A practical example for dependency injection

In today’s article I am sharing with our team an example I found while reading parts of the code in one of our platforms where we’ve created a form of ‘cyclic’ references with cancancan merges in Rails Controllers. I wondered for a while how we’ve managed to create it, how to avoid creating them in the future and I share this as an example with our team, but I hope the article could be useful for the whole community.
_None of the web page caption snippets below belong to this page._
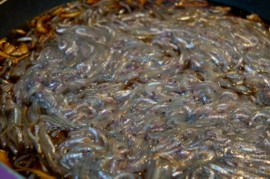 ika1_20150320184246970.jpg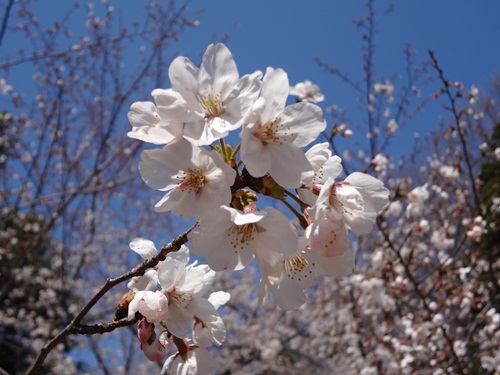 桜_2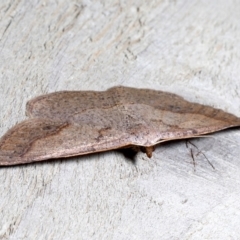 Taxeotis perlinearia at Rosedale, NSW - 28 Aug 2019 07:05 PM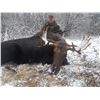 Image 2 : 7 Day Alberta Rifle Moose Hunt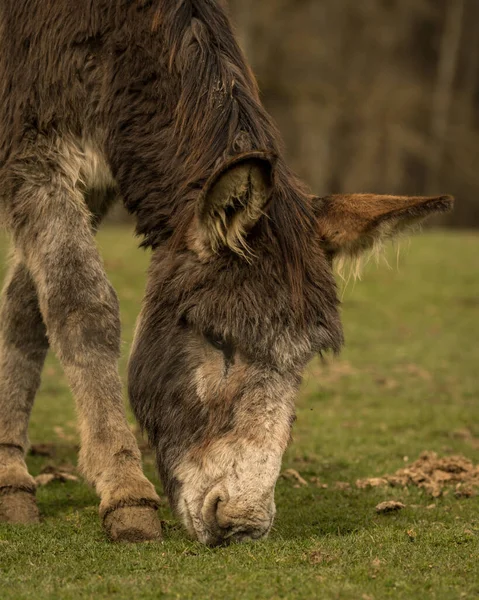 Vertikal Närbild Häst Betar Ett Fält Täckt Med Grönt Gräs — Stockfoto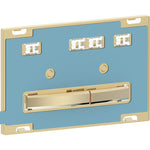 Load image into Gallery viewer, Geberit Sigma50 Square flush plate 115.672.00.2 brass customer specific
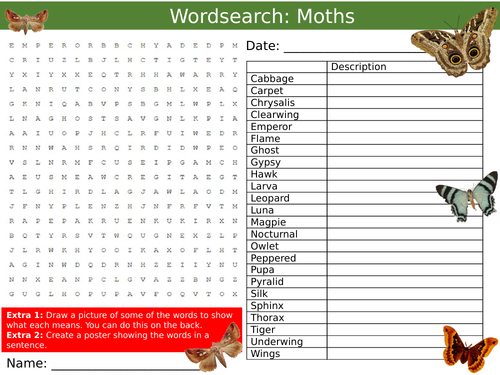 Moths Wordsearch Puzzle Sheet Keywords KS4 Settler Starter Cover Lesson Animals Insects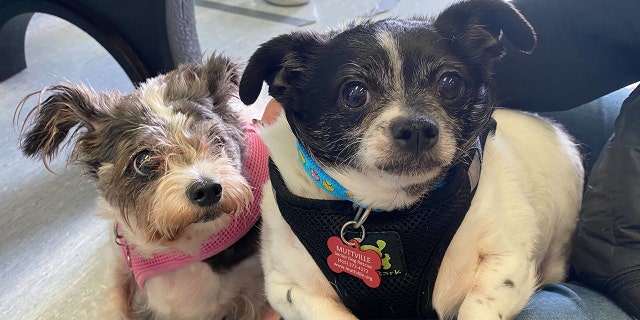 Adoptable dogs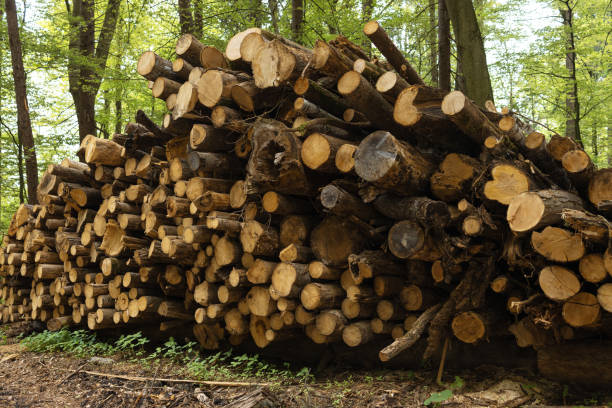 Stack of sawn tree trunks of different sizes after sanitary felling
I see this as a perfect example for the use of Dependency Injection.

The example

CourseSectionsAbilities is merged with ContentsAbility which is merged with ContentRefsAbilities which is then merged with CourseSectionAbilities. This means that CourseSectionsAbilities is merged twice and the second merge overrides the first merge.

class CourseSectionsController < CommonController

  def current_ability
    # This is the first merge 
    # CoruseSectionsAbility is merged with ContentsAbility.
    @current_ability ||= Abilities::CourseSectionsAbility.new(current_user)
                           .merge(Abilities::ContentsAbility.new(current_user))
  end

end

module Abilities
  class ContentsAbility
    include CanCan::Ability

    def initialize user
      ...
      # This is the second merge
      # ContentsAbility is merged with ContentRefs ability
      merge ContentRefsAbility.new user
    end
  end
end

module Abilities

  class ContentRefsAbility
    include CanCan::Ability

    def initialize user
      # This is the third merge
      # ContentRefsAbility is merged with CourseSectionsAbilily.
      # This overrides the first merge.
      merge CourseSectionsAbility.new(user)
      ...
    end
  end
end

How did it happen?

It think it is the classic grow of the code where you solve the problem in the easiest way possible. Initially we had:

class CourseSectionsController < CommonController

  def current_ability
    # This is the first merge 
    # CoruseSectionsAbility is merged with ContentsAbility.
    @current_ability ||= Abilities::CourseSectionsAbility.new(current_user)
                           .merge(Abilities::ContentsAbility.new(current_user))
  end

end

But then a new requirement about an year after that has come and there is a commit that adds the second merge:

module Abilities

  class ContentRefsAbility
    include CanCan::Ability

    def initialize user
      # This is the third merge
      # ContentRefsAbility is merged with CourseSectionsAbilily.
      # This overrides the first merge.
      merge CourseSectionsAbility.new(user)
      ...
    end
  end
end

What is the problem?

The problem is that there is a class called ContentRefsAbility that can dependent on everything it wants. It can merge anything inside it with any consideration on what was already merged. It can set it’s own dependencies. This couples the ContentRefsAbility with the places it is used. Because we must take into consideration every place where ContentRefsAbility is used before changing it’s implementation.

How Dependency Injection solves this?

We pass the ability in the constructor

module Abilities

  class ContentRefsAbility
    include CanCan::Ability

    def initialize user, outside_ability
      # This is the third merge
      # ContentRefsAbility is merged with CourseSectionsAbilily.
      # This overrides the first merge.
      outside_ability.method1 # we call the method of the outside_ability
      ...
    end
  end
end

Instead of creating the ability in the class we pass the dependency from the outside. In this way we can control the dependency and choose different dependencies in different conditions.

The ContentRefsAbility no longer depends on the specific implementation of outside ability, but it depends on the behavior we inject from the outside.